Ken Kesey and the Complete Female
Date of Award
Restricted Access Thesis
College of Theology, Arts, & Sciences
Dr. Richard Hill
Usually seen as a writer not particularly successful in his creation of women characters, Ken Kesey in fact worked hard to depict women successfully. This thesis is the exploration of the development of Kesey’s female characters using, as examples, five women from five different Ken Kesey novels. What I will argue is that while Kesey created no one well-rounded female character (Viv in Sometimes a Great Notion is the closest), if the various characters he created in One Flew Over the Cuckoo’s Nest, Demon Box, Sometimes a Great Notion, The Last Go Round, and Sailor Song, were combined we find that together they make an interesting and full dimensional feminine character.

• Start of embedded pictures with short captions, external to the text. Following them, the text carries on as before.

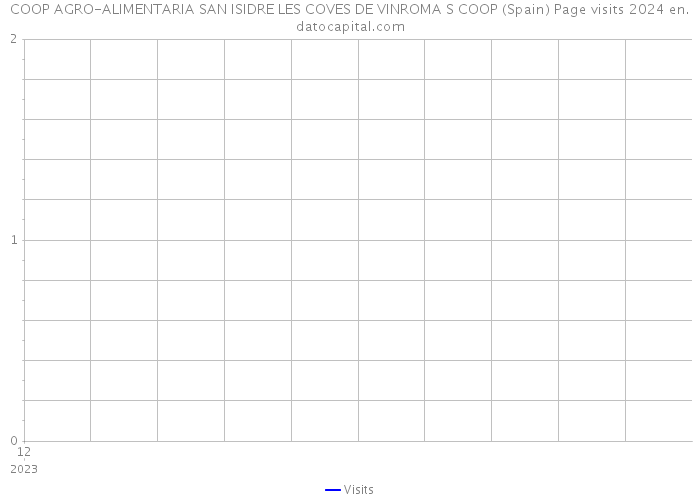 COOP AGRO-ALIMENTARIA SAN ISIDRE LES COVES DE VINROMA S COOP (Spain) Page visits 2024 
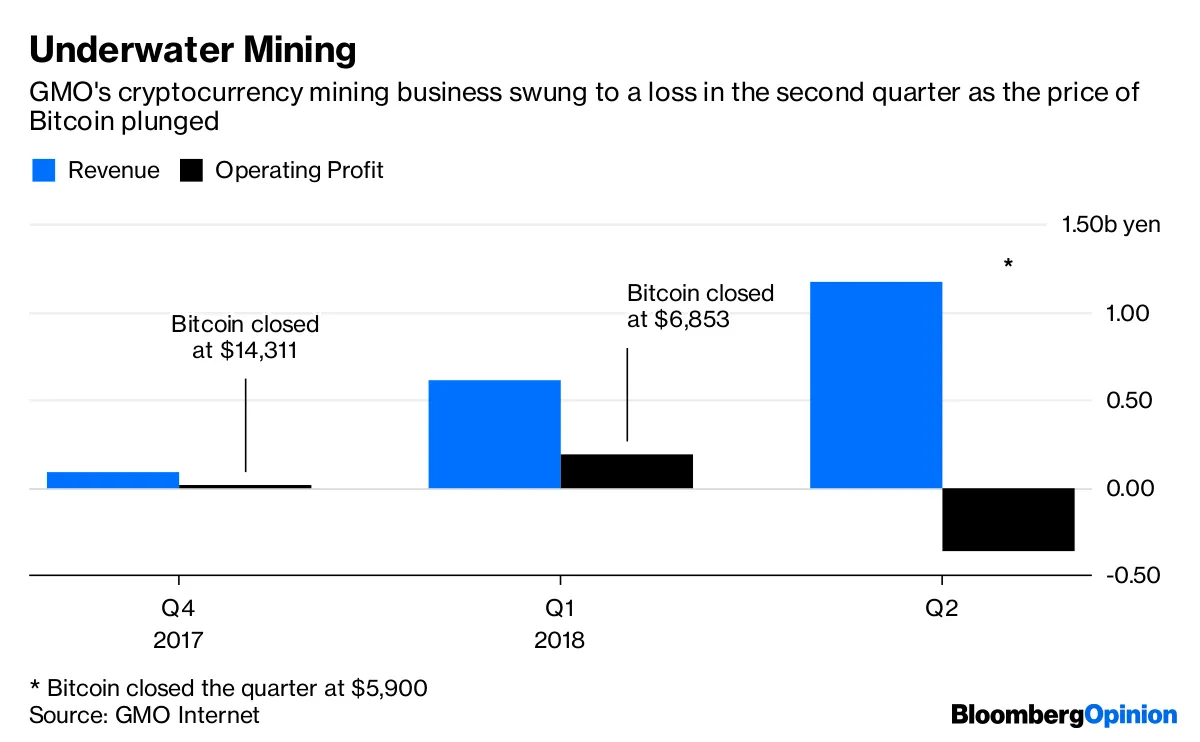 Bitcoin Stumble Shows Bitmain a Ghost of Crises Past - Bloomberg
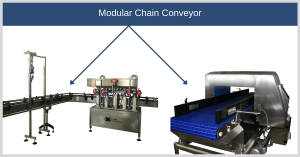 Modular Chain Conveyor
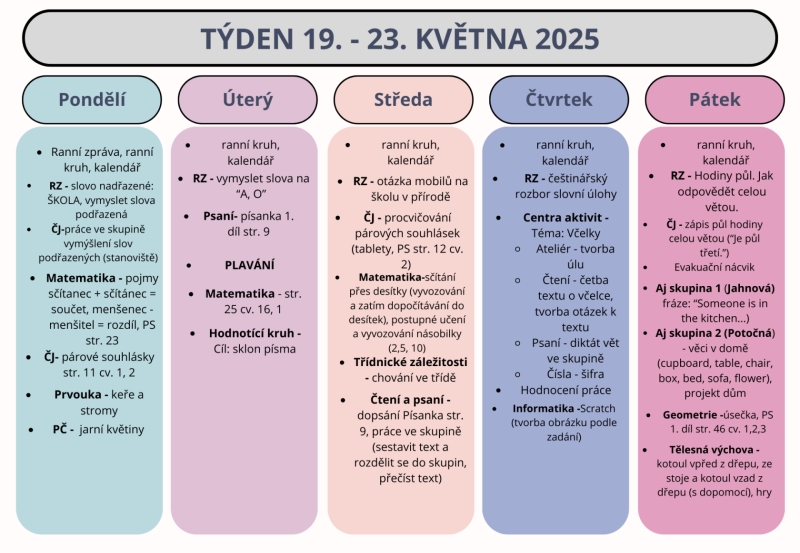 Shrnutí týdne 19. - 23. května 2025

This creation of a full female character is the goal of this thesis, achieved through an analysis of the main women in the novels listed above.
After I have analyzed these women characters, at the end of these musings, I will engage in the beginning of a fictional thought experiment. Someday I will complete what I start here which is an attempt to continue and create the story of what happens to Viv after the events unfold at the end of Kesey’s best novel, Sometimes a Great Notion. The culmination of my analysis of all of the characteristics from the other women to be discussed in this thesis will be used to create a “Viv” that Kesey may have strived to create, but could never quite accomplish. The beginning of my attempt at this will appear separately at the end of this thesis, as an epilogue.
My analysis will reveal that each woman—Nurse Ratched in One Flew Over the Cuckoo’s Nest, Viv in Sometimes a Great Notion, Grandma Whittier in Demon Box, Louise in The Last Go Round and Alice in Sailor Song—has certain strengths and qualities that make them uniquely effective in their stories. In addition, when seen together, these qualities could create a truly complete character. This character would have aspects that many real women could empathize and identify with.